FRIENDSHIP BEFORE A LOVE RELATIONSHIP. NECESSARY OR NOT?

We live in a world where almost everyone is just going about and minding their own business. You sometimes wonder if you can find a shoulder to lean on when you’re not strong and someone you can trust and be vulnerable with without fear and panic in the days of adversity. This barely happens.

Nonetheless, we still have good people out there in the world, a handful of reliable, kind people who can look you in the eyes and say, “Hi, I’ve got your back through this.” These calibre of people are called FRIENDS.

A FRIEND is someone who sees you as important, values you and wants the best for you. You’re able to relate with him/her in all angles – from sharing ideas, dreams to talking freely on all issues (spiritual, emotional, intellectual, financial etc).

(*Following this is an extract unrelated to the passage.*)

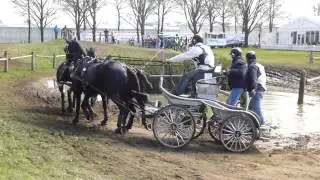 MOURIER Sebastien, FRA, CAI3 Horst 17 04 16,H4, Marathon Ob5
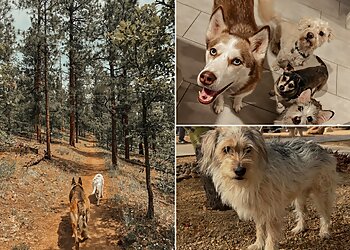 Mesa Dog Walkers Macey & Paws Pet Sitting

LET’S ADDRESS A FEW CONCERNS:

1. Should friendship be proposed?
Friendship happens under varied circumstances and in different ways and places.
We make friends with people from all walks of life. Sometimes, you meet someone for the first time at church, school, work or at an event etc and by virtue of interactions, you may exchange contacts. You may also meet someone whom you gave or gave you an assistance and that may also birth friendship. In any of these scenarios, it is clear that friendship is not proposed but is rather birthed naturally after you’ve both been in touch regularly for sometime. Some people all request if they could be friends with other people just like it’s done on Facebook.
In most cases, when someone proposes friendship to the opposite sex, it raises suspicions because that proposal probably has no basis.

  1. Is it bad to have multiple friends?
    I want to reiterate that friendship is just an avenue to know other people. You can choose to have as many friends with the opposite sex as you may want. But be sure that, all these people are adding to your life and you to theirs. You can hang out, have a date, visit and keep many godly friends around you. As you do this, watch and pray, then gradually, you start your zeroing in process. When this is done well, a time will come where you’ll notice one or two of your numerous friends have a lot of things in common with you. They share in your faith, goals, values, among a host of other things. They make time for you, show concern, want to know more about your Christian, educational, relationship and work life. When you begin to see these gestures, know that, your friendship is likely to move to another level.